===== Provided data =====

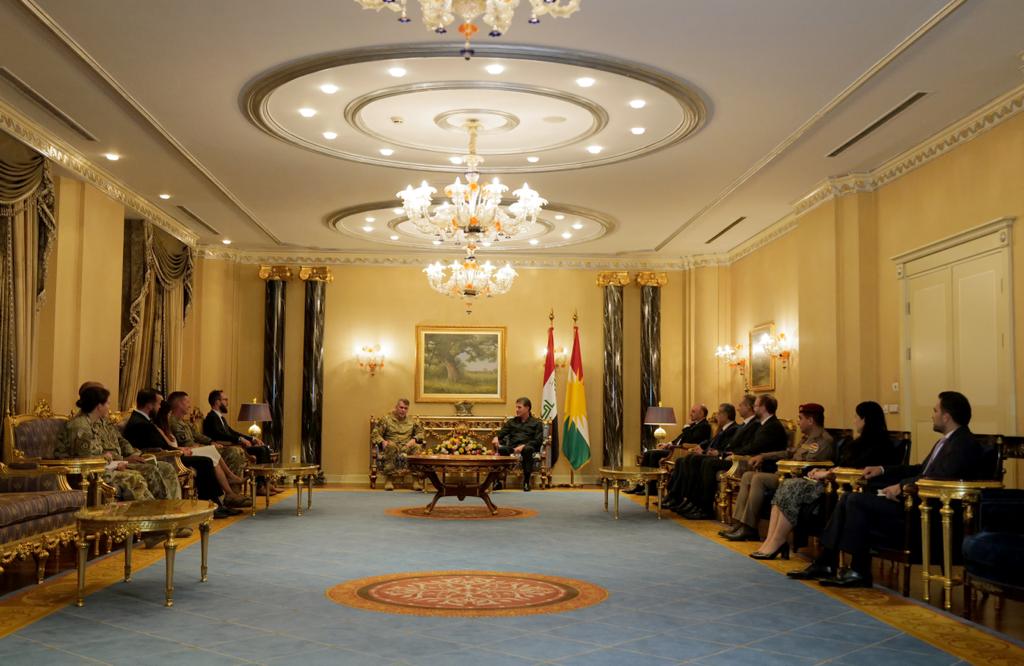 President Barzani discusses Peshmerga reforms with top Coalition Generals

=====
===== Provided data =====

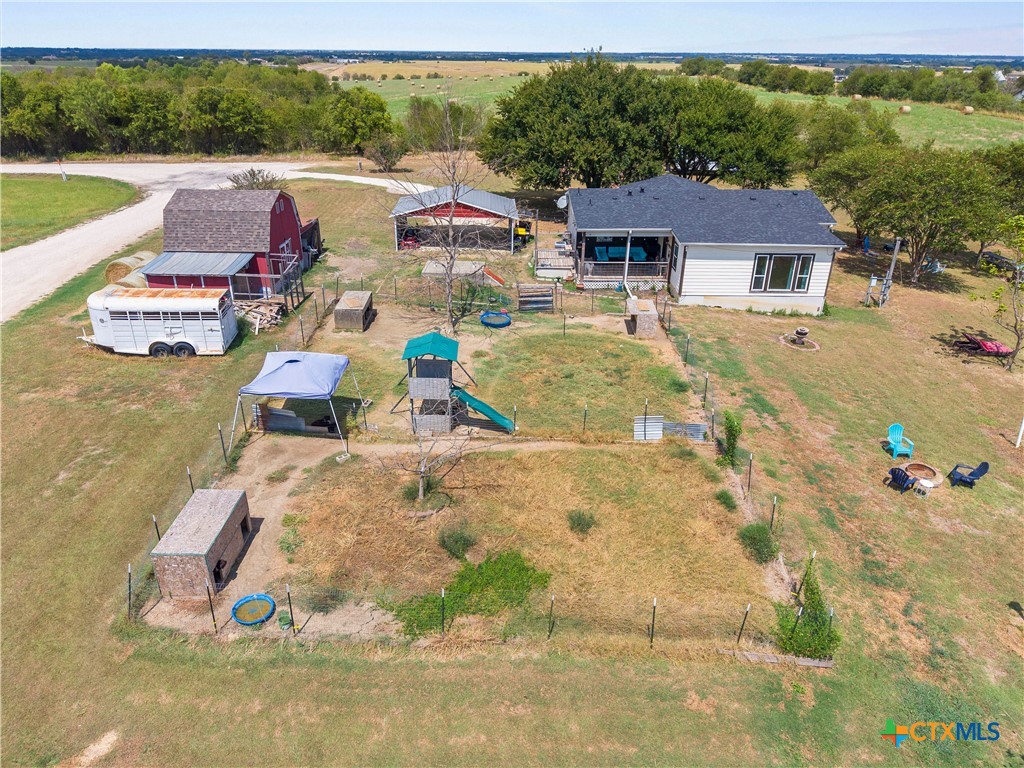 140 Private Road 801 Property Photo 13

=====
===== Provided data =====

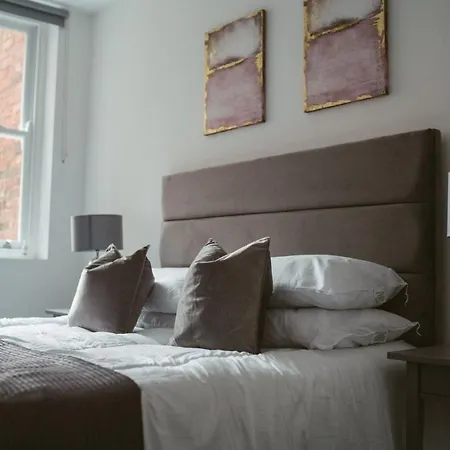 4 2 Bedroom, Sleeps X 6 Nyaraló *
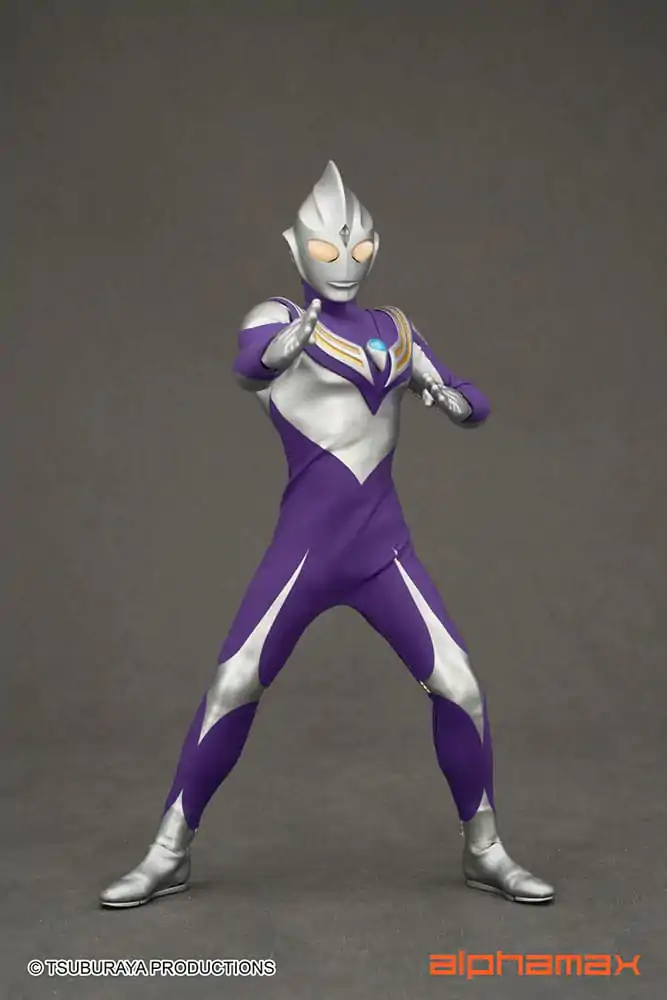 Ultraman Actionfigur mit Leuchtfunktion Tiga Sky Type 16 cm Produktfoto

=====

Action item
Take the material above from the line containing "4 2 Bedroom, Sleeps X 6 Nyaraló *" up to and including the line containing "Ultraman Actionfigur mit" and retype it exactly, without any pictures.

Output of the task
 4 2 Bedroom, Sleeps X 6 Nyaraló *
 Ultraman Actionfigur mit Leuchtfunktion Tiga Sky Type 16 cm Produktfoto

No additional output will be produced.